Buster took a quick but careful look in both directions, then got in. Mr. Gaunt had told him the keys would be under the seat.
They were. Sitting on the passenger seat was a paper shopping bag.
In it Buster found a blonde wig, a pair of yuppie wire-rimmed glasses, and a small glass bottle.
He put the wig on with some misgivings-long and shaggy, it looked like the scalp of a dead rock singer-but when he looked at himself in the van's rearview mirror, he was astounded by how well it fit. It made him look younger. Much younger. The lenses of the yuppie spectacles were clear glass, and they changed his appearance (at least in Buster's opinion) even more than the wig. They made him look smart, like Harrison Ford in The Mosquito Coast.
He stared at himself in fascination. All at once he looked thirtysomething instead of fifty-two, like a man who might very well work for a TV station. Not as a news correspondent, nothing glamorous like that, but perhaps as a cameraman or even a producer.
He unscrewed the top of the bottle and grimaced-the stuff inside smelled like a melting tractor battery. Tendrils of smoke rose from the mouth of the bottle.
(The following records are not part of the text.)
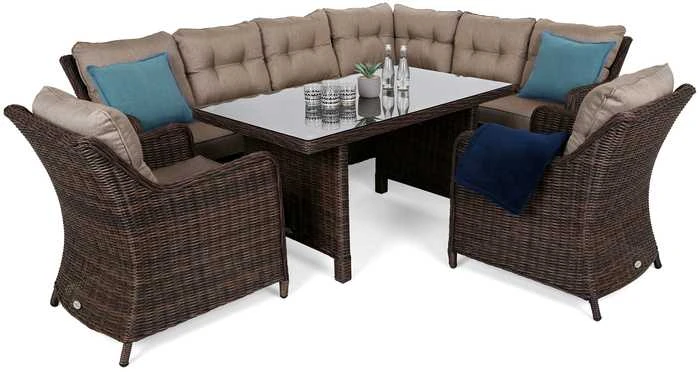 Lauko baldų komplektas California Corner, dešininis, Brown Mat / Brown Melange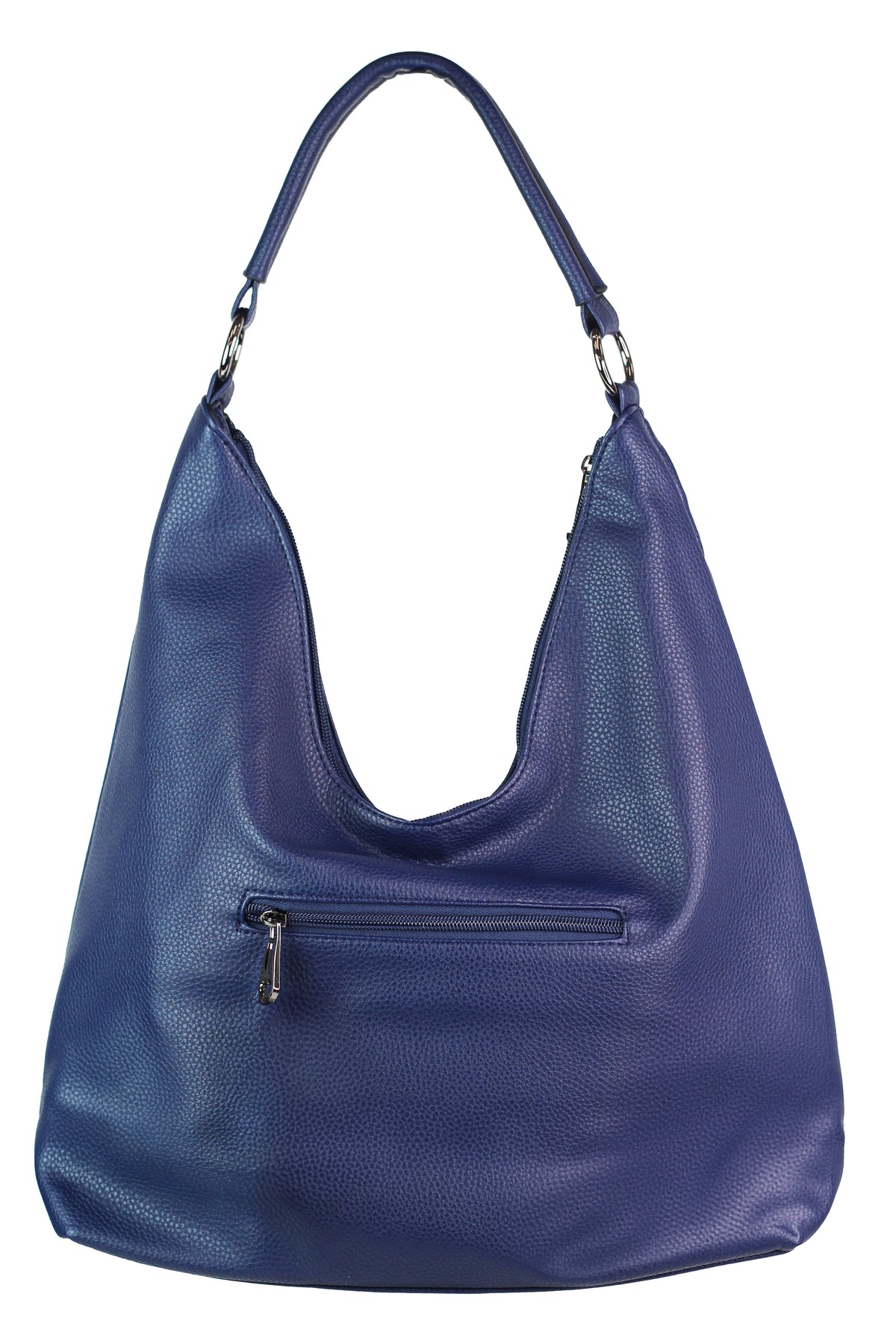 One Handle U-Top Purse w/ Front Zip Pockets & Rhinestone Accents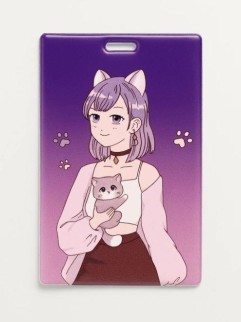 Держатель для карт Аниме &quot;Cute cat Girl&quot; (6,5 х 10,4 см)
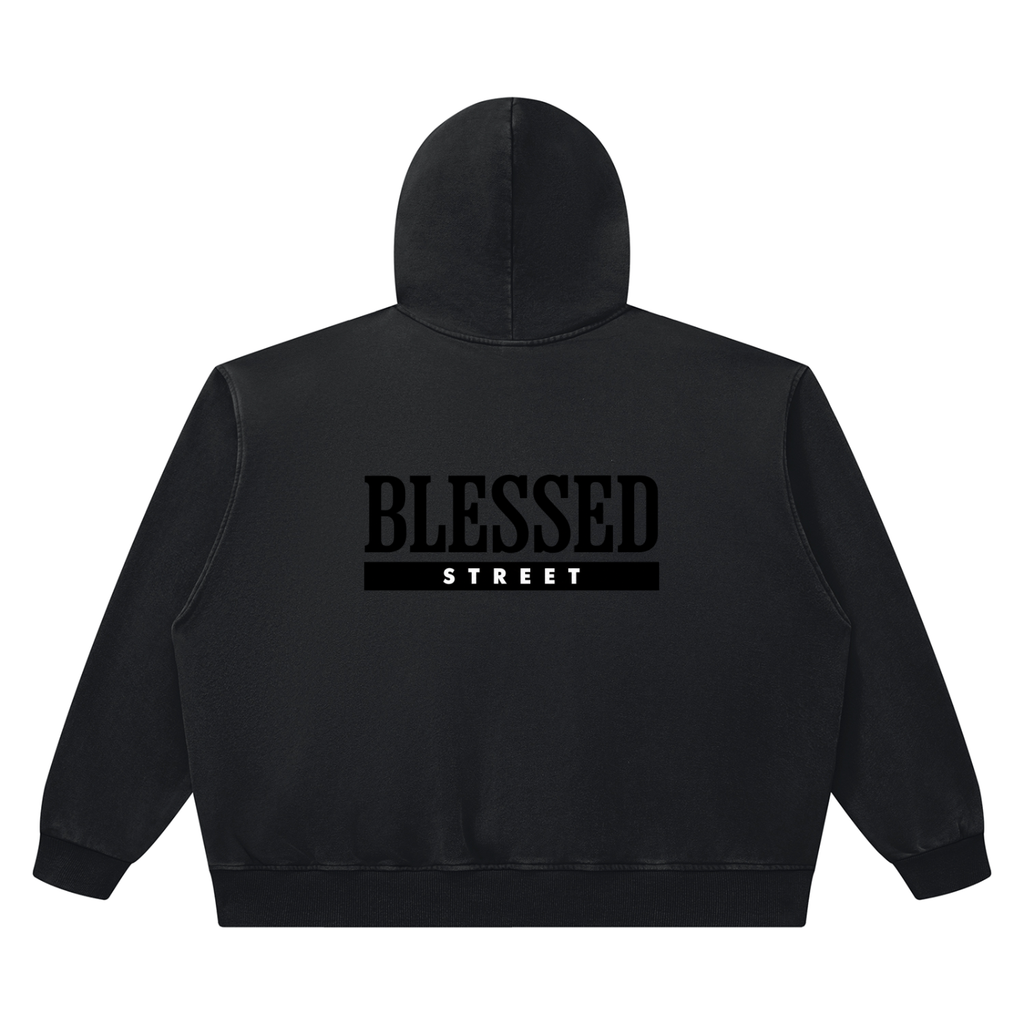 Sweat à capuche boxy en coton délavé — 420 GSM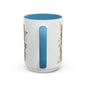 Floral Letter 'H' Accent Coffee Mug — Botanical Monogram Ceramic Mug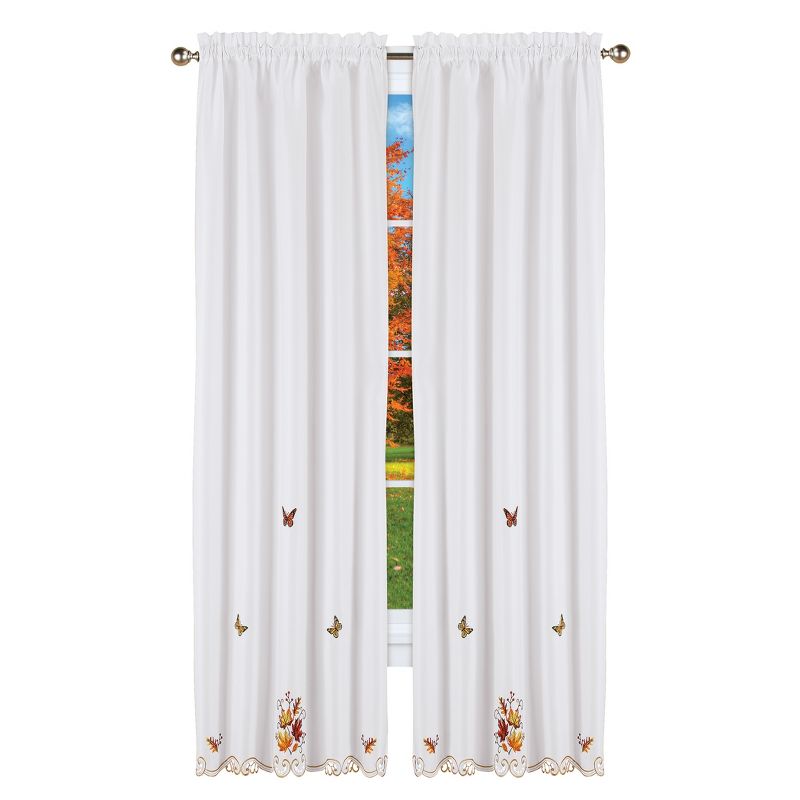 Collections Etc Fall Leaves Butterfly Curtains, 1 of 4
Got to be careful with this stuff, Buster thought. Got to be real careful.
He put the empty cuff under his right thigh and pulled the chain taut. Then he poured some of the bottle's contents on the chain just below the cuff on his wrist, being careful not to drip any of the dark, viscous liquid on his skin. The steel immediately began to smoke and bubble. A few drops struck the rubber floormat and it also began to bubble. Smoke and a horrid frying smell rose from it. After a few moments Buster pulled the empty cuff out from under his thigh, hooked his fingers through it, and yanked briskly.
The chain parted like paper and he threw it on the floor. He was still wearing a bracelet, but he could live with that; the chain and the swinging empty cuff had been the real pain in the keister- He slotted the key in the ignition, started the engine, and drove away.
Not three minutes later, a Castle County Sheriff's car driven by Seaton Thomas turned into the driveway of the Keeton home, I and old Seat discovered Myrtle Keeton sprawled half in and half out of the doorway between the garage and the kitchen. Not long after, his car was joined by four State Police units. The cops tossed the house from top to bottom, looking for either Buster or some sign of where he might have gone. No one gave the game sitting on his study desk a second glance. It was old, dirty, and obviously broken. It looked like something that might have come out of a poor relation's attic.
4
Eddie Warburton, the janitor at the Municipal Building, had been pissed off at Sonny jackett for more than two years. Over the last couple of days, this anger had built into a red rage.